# Exercise data:

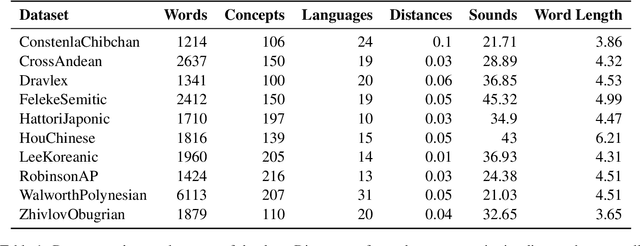 Figure 2 for Are Sounds Sound for Phylogenetic Reconstruction?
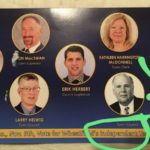 “Deceptive” Independence Party Mailer Sparks Debate in Wheatfield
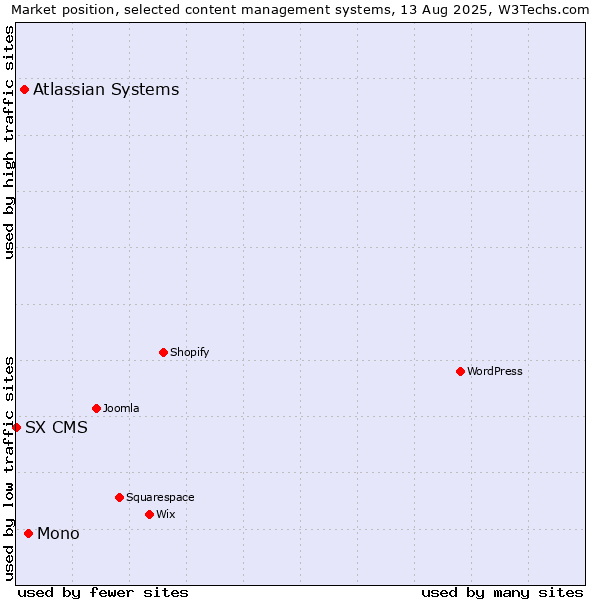 Market position of Mono vs. Atlassian Systems vs. SX CMS
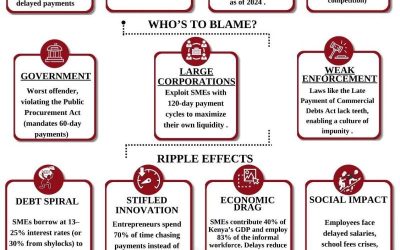 BLACK HOLE OF DELAYED PAYMENTS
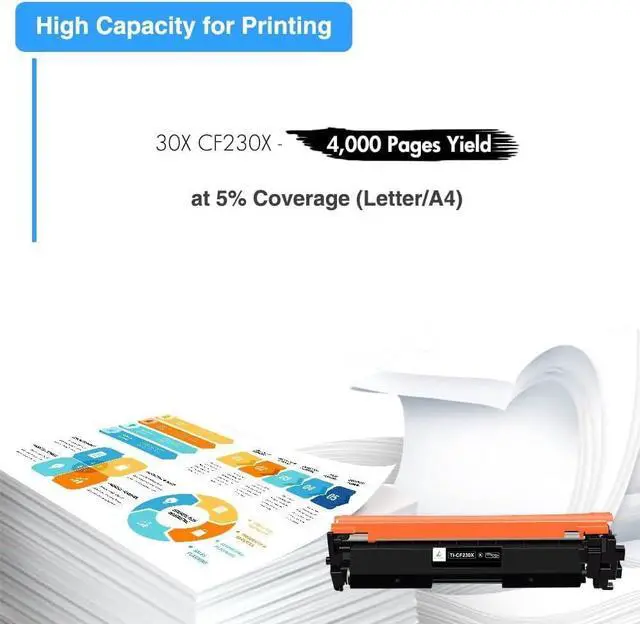 Alt view image 4 of 7 - CF230X 30X Black High Yield Toner Cartridge 30A CF230A M227fdw M203dw 4Pack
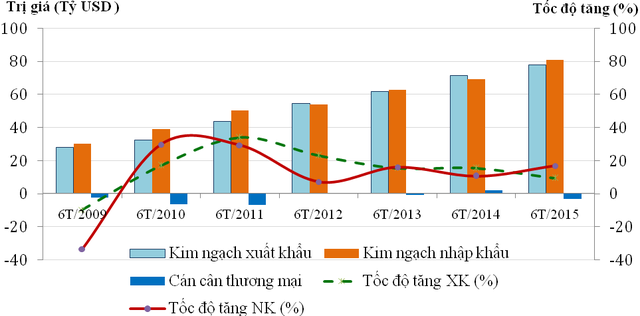 Kim ngạch xuất khẩu, nhập khẩu và tốc độ tăng xuất khẩu, nhập khẩu 6 tháng đầu năm của giai đoạn 2009- 2015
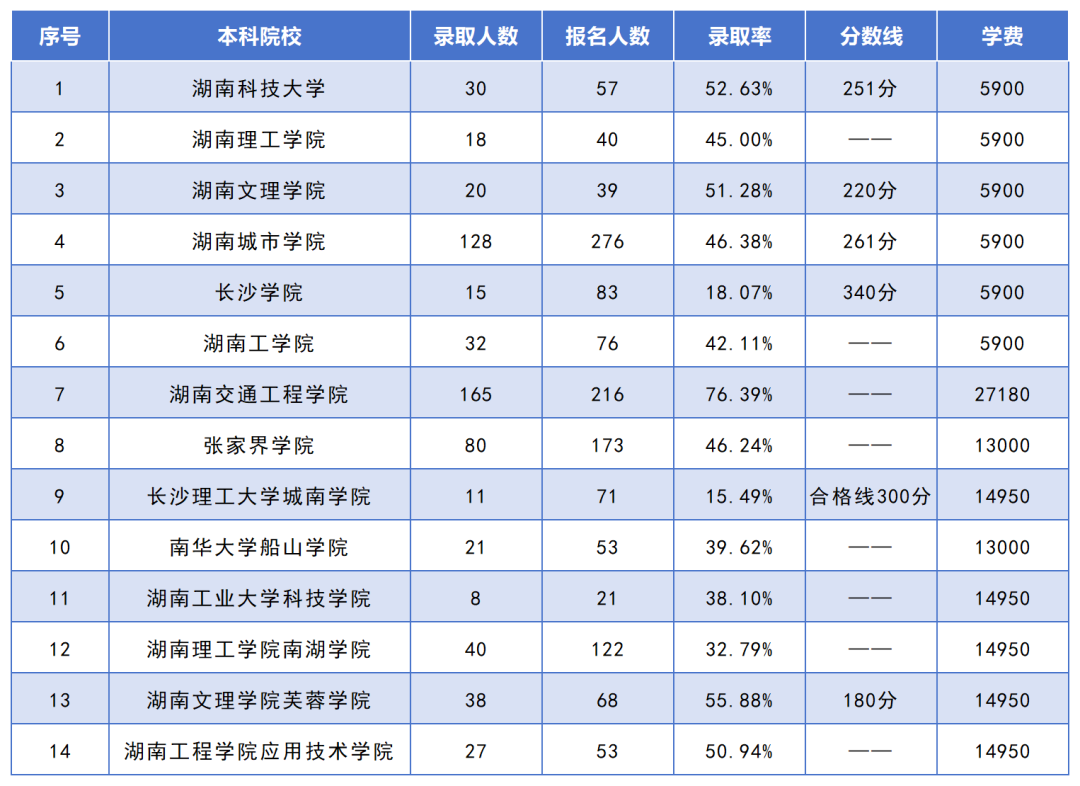 湖南專升本招生人數(shù)最多的10個專業(yè)，你想報考的專業(yè)上榜了嗎？(圖10)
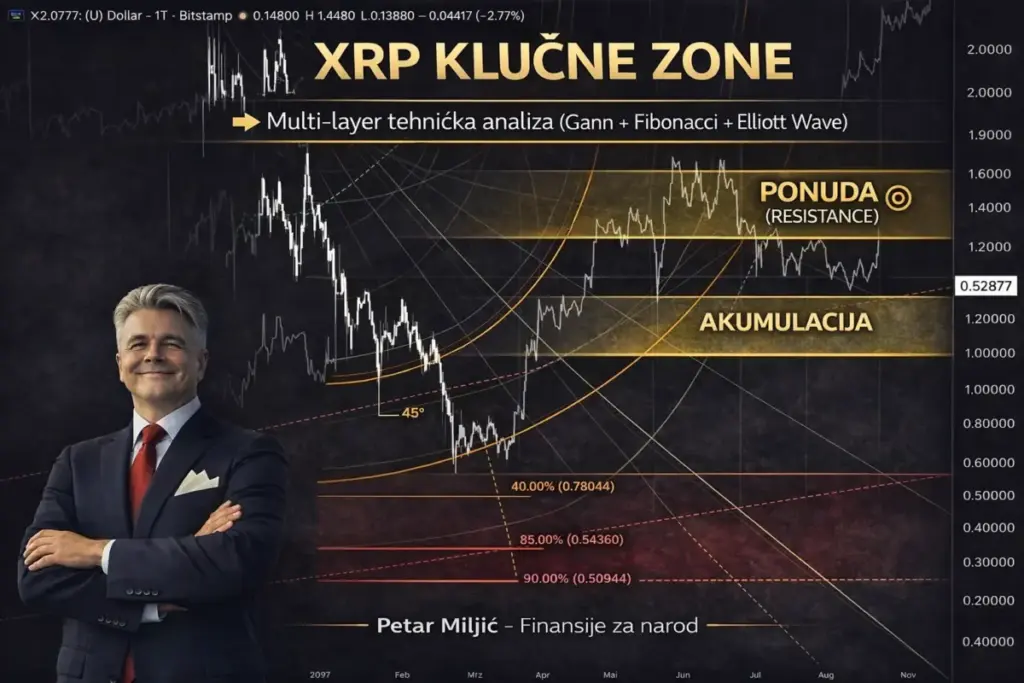 XRP KLJUČNE ZONE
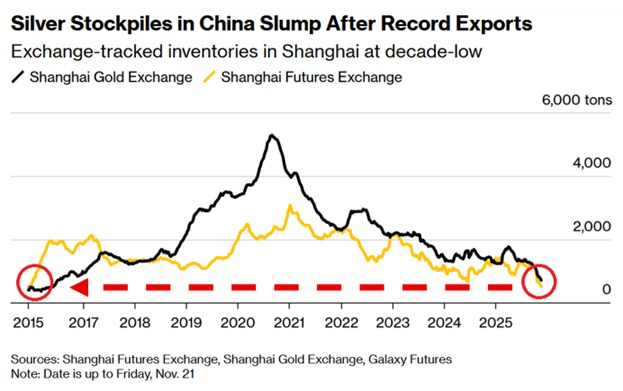 📉KOBEISSI: Aumento vertiginoso dei prezzi di oro e argento in Cina: scorte ai minimi storici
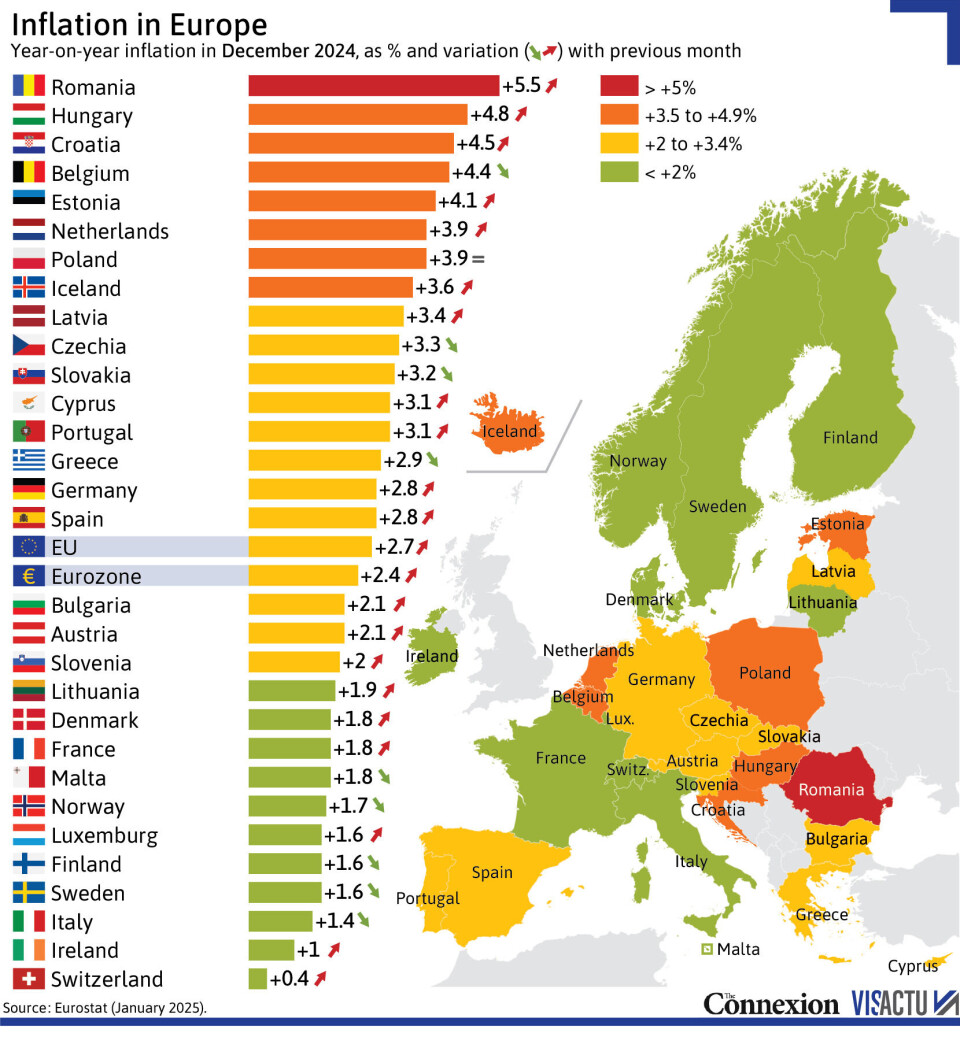 France's Slowing Inflation: A Eurozone Comparison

# Required action:
In the records above, find the line with "Debate in Wheatfield" and the line with "Alt view image", then restate word for word only those two lines and all lines between, omitting pictures.

# Result below:
 “Deceptive” Independence Party Mailer Sparks Debate in Wheatfield
 Market position of Mono vs. Atlassian Systems vs. SX CMS
 BLACK HOLE OF DELAYED PAYMENTS
 Alt view image 4 of 7 - CF230X 30X Black High Yield Toner Cartridge 30A CF230A M227fdw M203dw 4Pack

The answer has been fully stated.